In artikel 2 worden de doelstellingen van de treasuryfunctie weergegeven, hieronder worden deze afzonderlijk toegelicht.
In de eerste plaats dient ervoor gezorgd te worden dat de gemeente “duurzaam toegang heeft tot de financiële markten tegen acceptabele condities”. Treasury dient te waarborgen dat de gemeente duurzaam in staat is de voor haar activiteiten benodigde middelen aan te trekken c.q. haar overtollige middelen uit te zetten op de financiële markten (bijv. bij banken). De condities die daarbij worden bedongen dienen, in het licht van de op het betreffende moment gebruikelijke condities, acceptabel (tenminste marktconform) te zijn.
De gemeente loopt de volgende financiële risico’s: renterisico’s, koersrisico’s, kredietrisico’s, interne liquiditeitsrisico’s en valutarisico’s. Het is de taak van treasury dergelijke risico’s tegen acceptabele condities te beperken. In de artikelen 4 tot en met 8 wordt aangegeven op welke wijze dit wordt gewaarborgd.

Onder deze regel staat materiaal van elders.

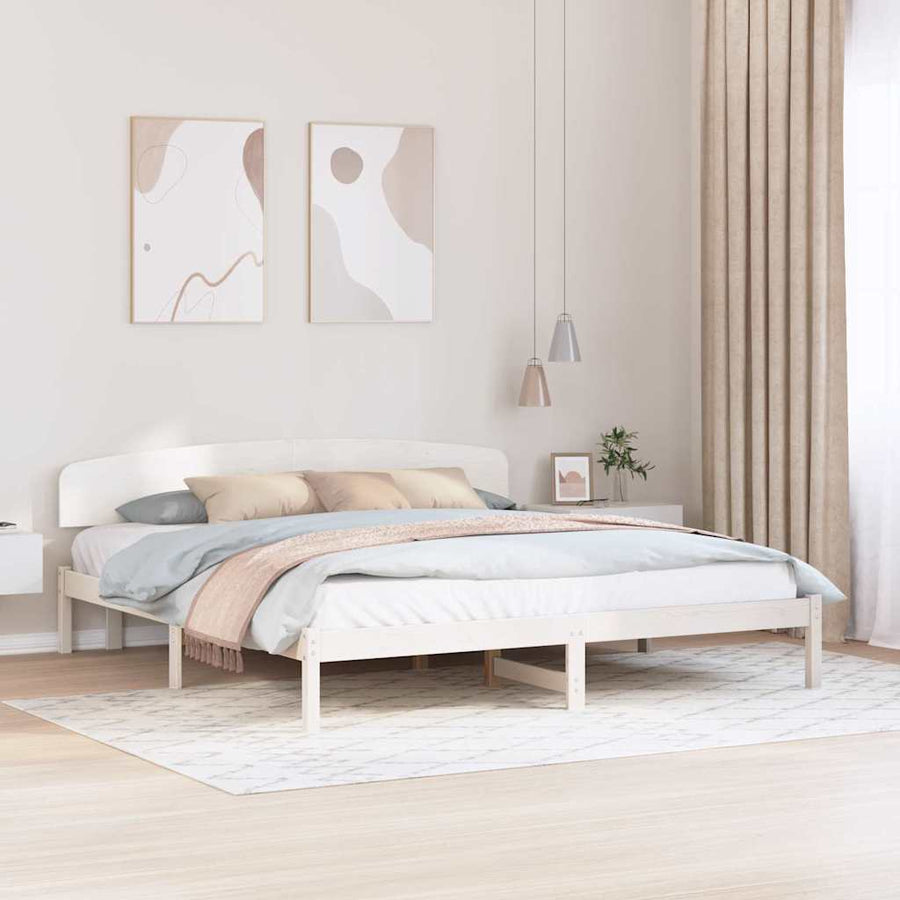 Bedframe met hoofdeinde Wit 200 x 200 cm Massief grenenhout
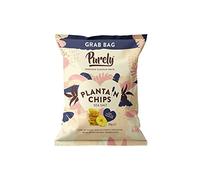 Purely Plantain Chips - Low Fat Plantain Crisps - Gluten Free Snacks - Healthy Alternative Snack Multipack - Vegan, Nutritious & All Natural - Sea Salt - 28g x 20 Pack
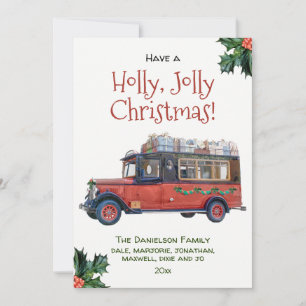 Holly Jolly Christmas Vintag Red Bus Weihnachten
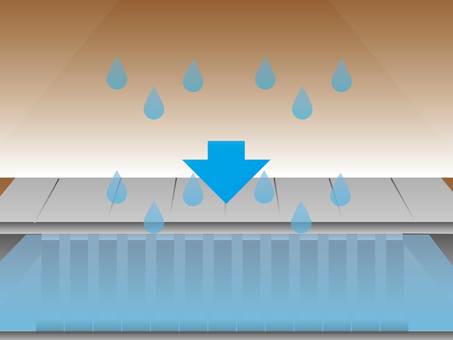 雨水貯留施設のはたらきイメージ 雨水,浸水,貯水,施設,工事,防災のイラスト素材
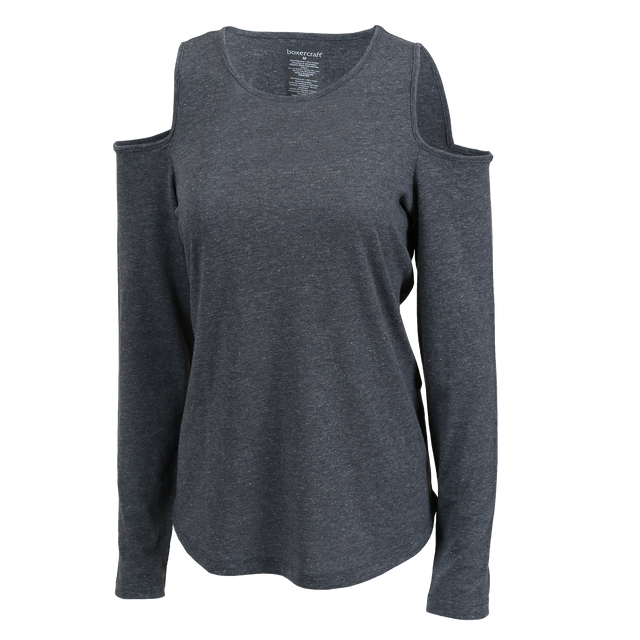Boxercraft Women's Cold Shoulder Long Sleeve Tee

De derde doelstelling van treasuryfunctie is het minimaliseren van de kosten bij het beheren van de geldstromen en de financiële posities. Deze kosten bestaan o.a. uit rentekosten, provisies en kosten van het betalingsverkeer. Het is de taak van de treasury het beheer zo efficiënt mogelijk uit te voeren.

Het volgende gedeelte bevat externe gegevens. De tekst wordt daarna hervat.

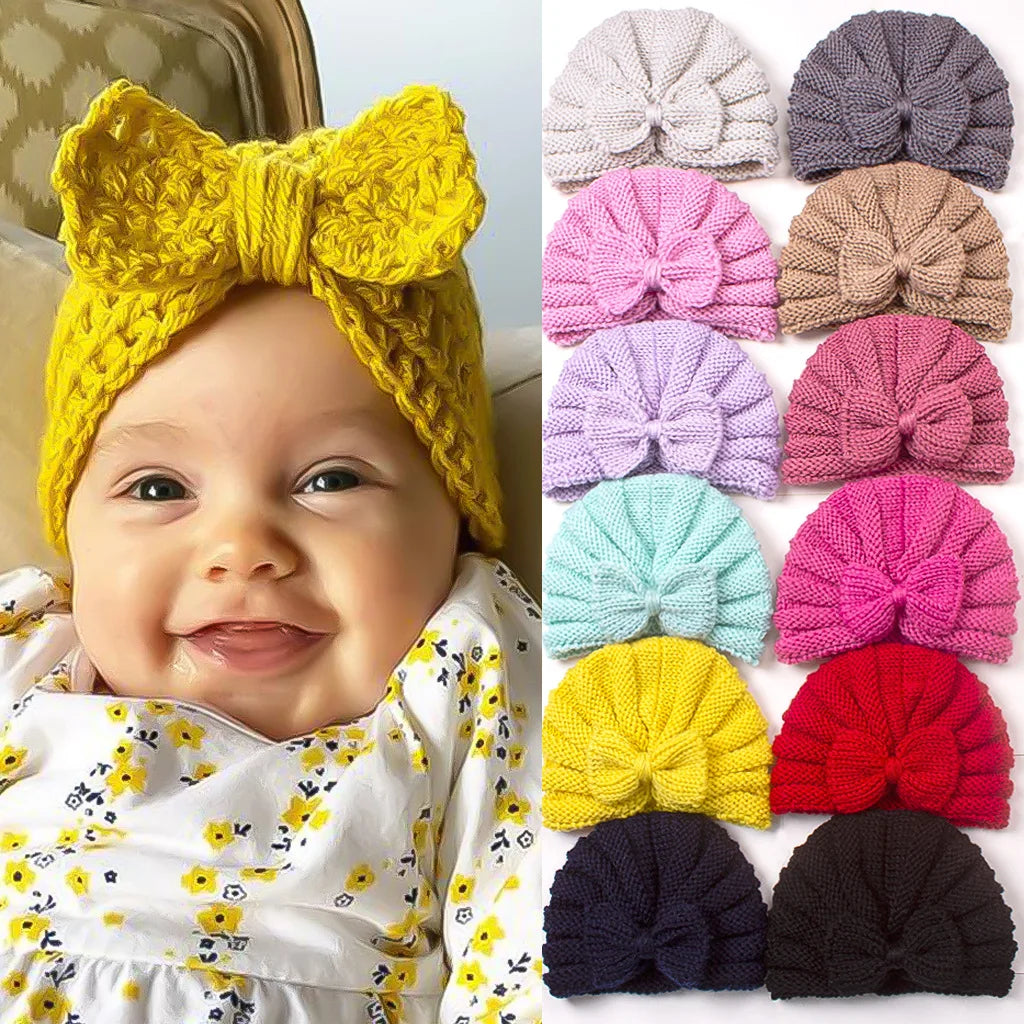 Cozy Newborn Bow Knitted Hat for Autumn and Winter Warm Turban Hats for Girls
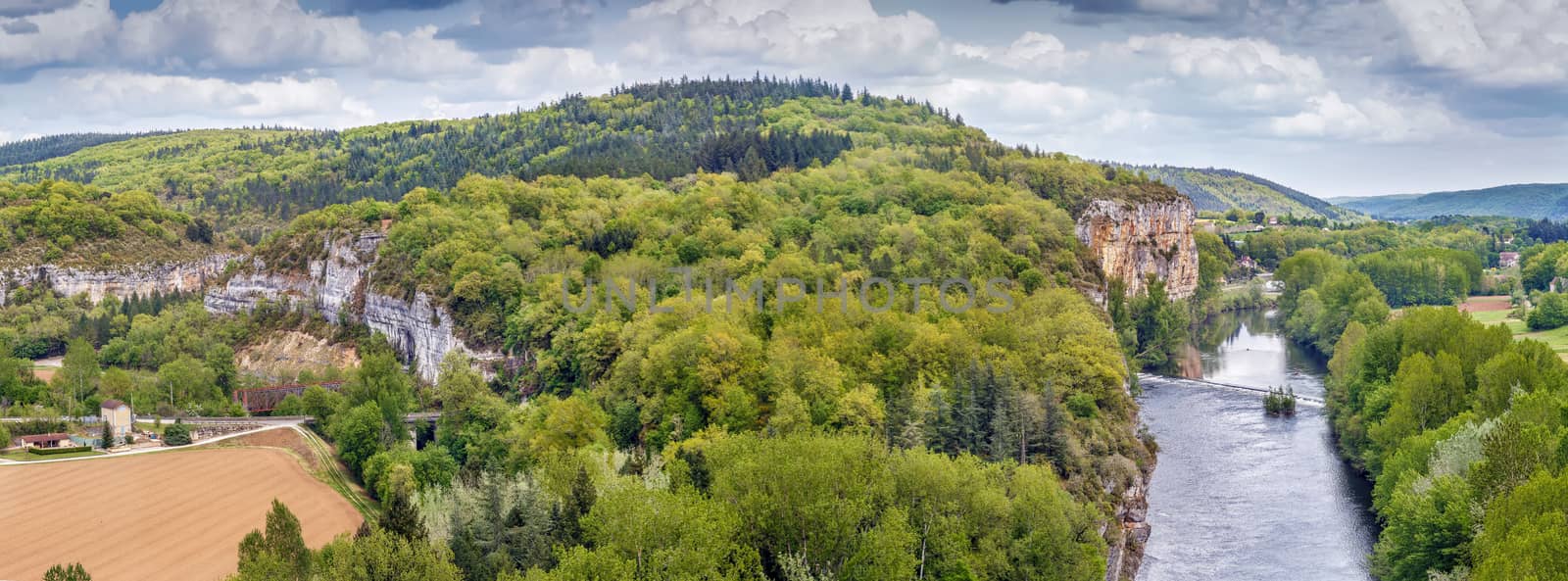 Landscape with Valley of Lot river, France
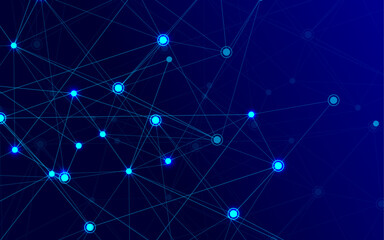 Technology blue background with connecting lines and shiny dots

De gemeente streeft ernaar de renteresultaten te optimaliseren. Dit betekent dat de gemeente geen middelen onbenut laat maar streeft naar zo hoog mogelijke renteopbrengsten (c.q. zo laag mogelijk rentekosten) zonder dat daarbij overmatige risico’s worden gelopen. De prioriteiten van de treasuryfunctie liggen in eerste instantie bij het beheersen en beperken van financiële risico’s; de gemeente is immers géén winstgerichte organisatie. Binnen het acceptabele risicoprofiel zoals vastgesteld in de Wet fido en dit treasurystatuut dient desondanks te worden gestreefd naar optimalisatie van de renteresultaten.
Renterisicobeheer omvat het beperken van de invloed van (externe-) rentewijzigingen op de financiële resultaten van de gemeente.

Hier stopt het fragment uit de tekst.